41. TOWARDS CENSORSHIP-RESISTANT PUBLISHING

Department: Computer Science & Engineering
Faculty Advisor(s): Alin Deutsch

Primary Student
Name: Emiran Curtmola
Email: emcurtmo@ucsd.edu
Phone: 858-534-9913
Grad Year: 2009
Resume: View Resume

Abstract
As the web evolves, it is becoming easier to form communities based on shared interests, and to create and publish data on a wide variety of topics. With this "democratization of information creation" comes the natural desire to make one's data accessible for querying within the community and also be able to query the global collection that is the union of all local data collections of others within the community. In order to fully deliver on the promise of free data exchange, any community-supporting infrastructure needs to enforce the key requirement of being resistant to censorship by third parties, be they of governmental or of other special interest nature. Censorship resistance precludes some obvious approaches that reuse and build on existing centralized technologies, e.g., search engines, hosted online communities, etc.
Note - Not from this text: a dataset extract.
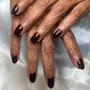 Gel Manicure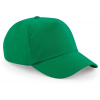 BEECHFIELD B 10 ORIGINAL / Šiltovka - kelly green Univerzálna BEECHFIELD B 10 ORIGINAL / Šiltovka - kelly green Univerzálna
We propose a distributed censorship-resistant enabling infrastructure in which data resides only with the publishers owning it. The infrastructure disseminates user queries to publishers, who answer them at their own discretion, under data-location anonymity constraints, i.e., prevent the query forwarding infrastructure from leaking information about which publishers are capable of answering a certain query.

Given the virtual nature of the global data collection, we study the challenging problem of efficiently locating publishers in the community that contain data items matching a specified query. We propose a distributed index structure, UQDT, that is organized as a union of Query Dissemination Trees (QDTs), and realized on an overlay (i.e., logical) network infrastructure. Each QDT has data publishers as its leaf nodes, and overlay network nodes as its internal nodes; each internal node routes queries to publishers, based on a summary of the data advertised by publishers in its subtrees. We experimentally evaluate design tradeoffs, and demonstrate that UQDT can maximize throughput by preventing any overlay network node from becoming a bottleneck.